#### SOURCE DATA
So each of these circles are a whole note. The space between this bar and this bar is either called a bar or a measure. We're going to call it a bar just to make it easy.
########
#### SOURCE DATA
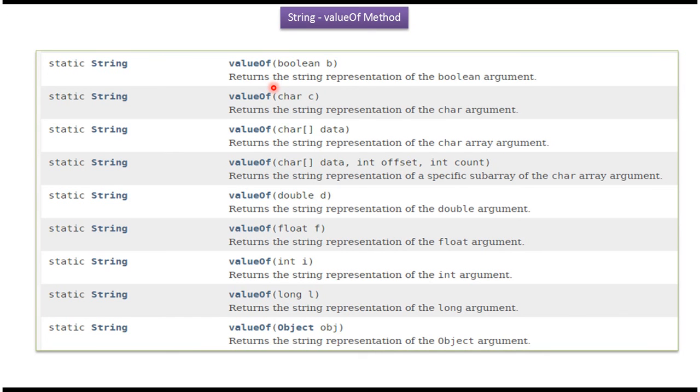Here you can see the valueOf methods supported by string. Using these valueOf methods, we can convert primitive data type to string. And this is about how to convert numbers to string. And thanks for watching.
########
#### SOURCE DATA
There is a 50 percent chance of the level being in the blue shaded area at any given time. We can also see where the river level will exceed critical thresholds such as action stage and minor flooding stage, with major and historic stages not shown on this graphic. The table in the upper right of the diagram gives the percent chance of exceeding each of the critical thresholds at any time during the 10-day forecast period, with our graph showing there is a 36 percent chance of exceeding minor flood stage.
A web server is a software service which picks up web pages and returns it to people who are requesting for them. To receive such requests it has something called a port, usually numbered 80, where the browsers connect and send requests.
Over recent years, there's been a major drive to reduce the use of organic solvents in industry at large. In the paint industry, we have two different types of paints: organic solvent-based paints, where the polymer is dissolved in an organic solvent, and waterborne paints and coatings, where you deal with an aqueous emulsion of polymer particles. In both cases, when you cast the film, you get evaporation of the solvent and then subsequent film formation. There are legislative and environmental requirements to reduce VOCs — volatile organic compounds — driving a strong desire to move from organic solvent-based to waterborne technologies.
########
DESCRIPTION OF THE TASK -
The lines to copy are those in the records above containing the word "each".

TASK RESPONSE -
So each of these circles are a whole note. The space between this bar and this bar is either called a bar or a measure. We're going to call it a bar just to make it easy.
There is a 50 percent chance of the level being in the blue shaded area at any given time. We can also see where the river level will exceed critical thresholds such as action stage and minor flooding stage, with major and historic stages not shown on this graphic. The table in the upper right of the diagram gives the percent chance of exceeding each of the critical thresholds at any time during the 10-day forecast period, with our graph showing there is a 36 percent chance of exceeding minor flood stage.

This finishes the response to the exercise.